ACTIVITY: Without including any pictures, reproduce the full listing exactly.

INFORMATION:
# # # # # # #

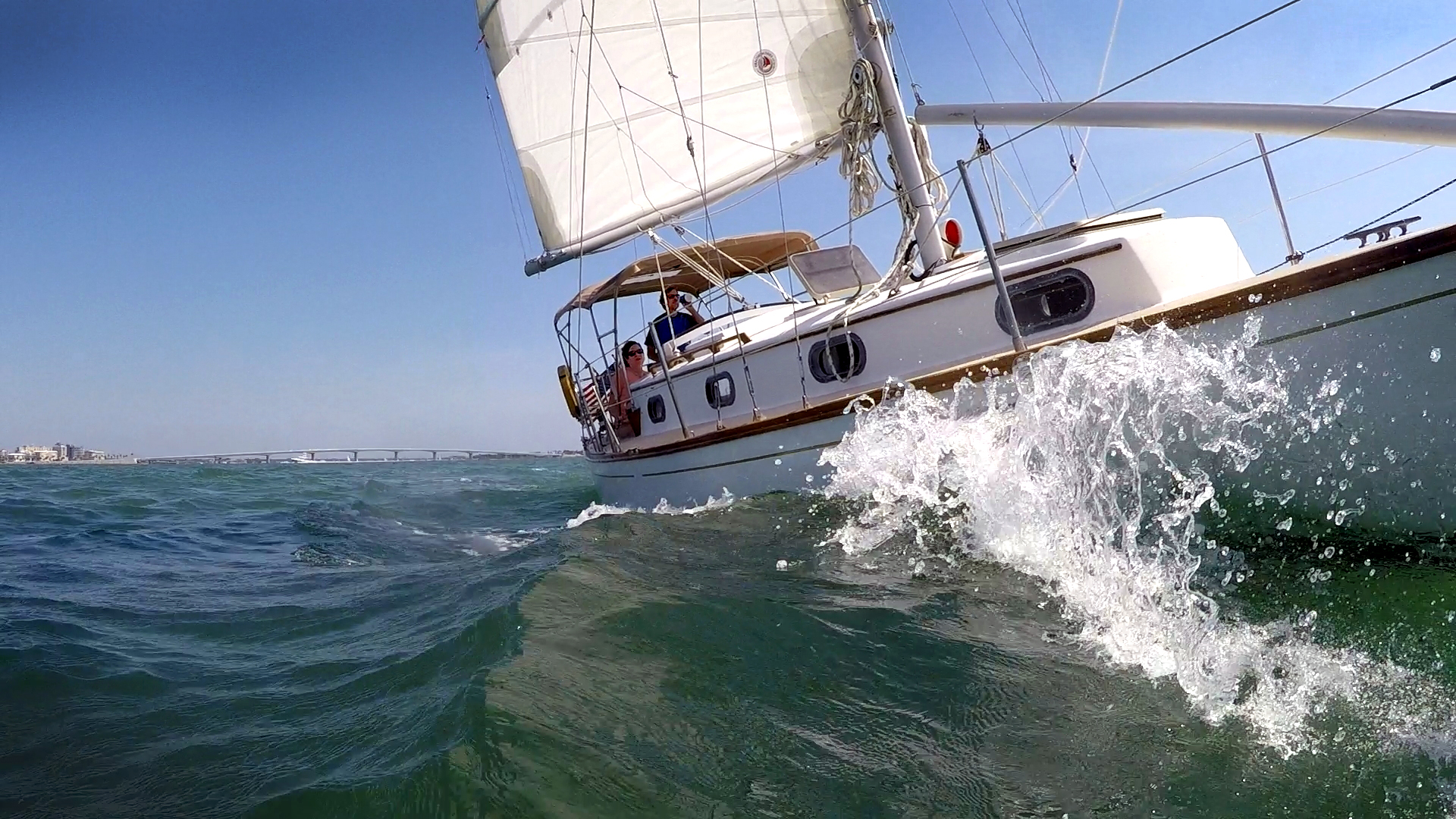 Momentum_on_Sarasota_Bay.jpg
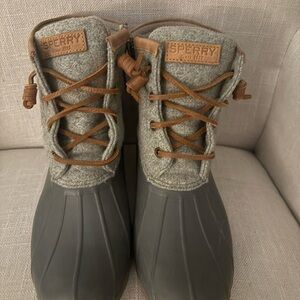 Sperry Gray and Tan Lace-Up Duck Boots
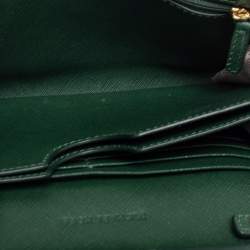 مملوكة مسبقًا حقيبة كروس مايكل كورس جلد خضراء بقلاب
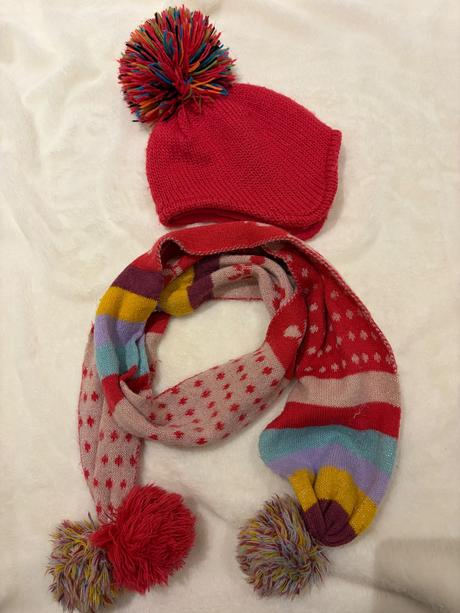 104/116 (růžová/vícebarevná) čepice a šála, h&m,104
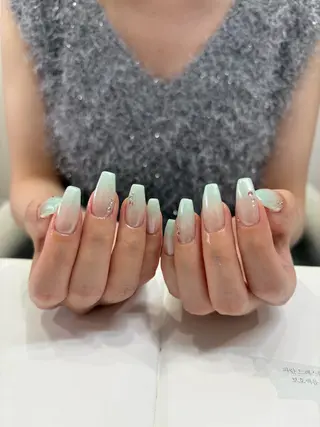 ネイル ネイルズシャトン🪡 ネイリスト齊藤のネイルデザイン
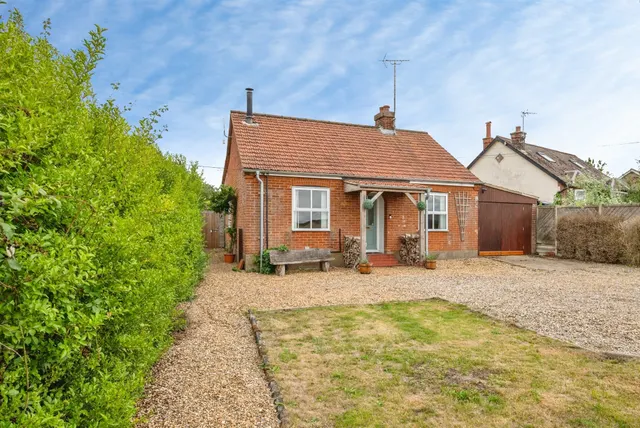 Eagle Road, Ingworth, Norwich, photo 1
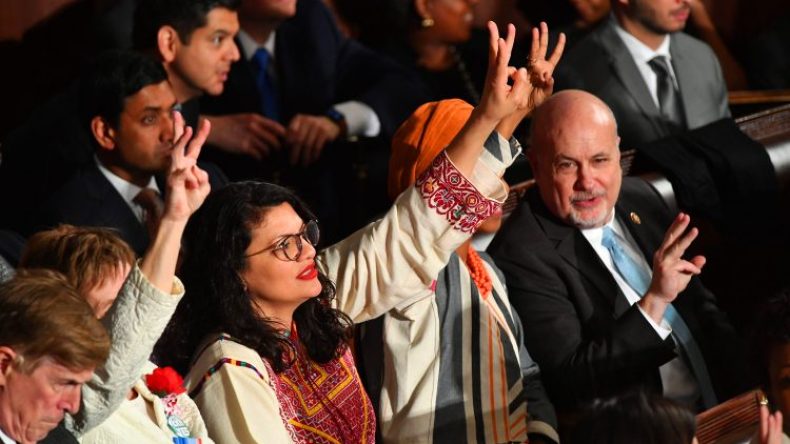 طليب تحتج على ترامب “بالثوب الفلسطيني”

# # # # # # #

EXERCISE SOLUTION:
 Momentum_on_Sarasota_Bay.jpg
 Sperry Gray and Tan Lace-Up Duck Boots
 مملوكة مسبقًا حقيبة كروس مايكل كورس جلد خضراء بقلاب
 104/116 (růžová/vícebarevná) čepice a šála, h&m,104
 ネイル ネイルズシャトン🪡 ネイリスト齊藤のネイルデザイン
 Eagle Road, Ingworth, Norwich, photo 1
 طليب تحتج على ترامب “بالثوب الفلسطيني”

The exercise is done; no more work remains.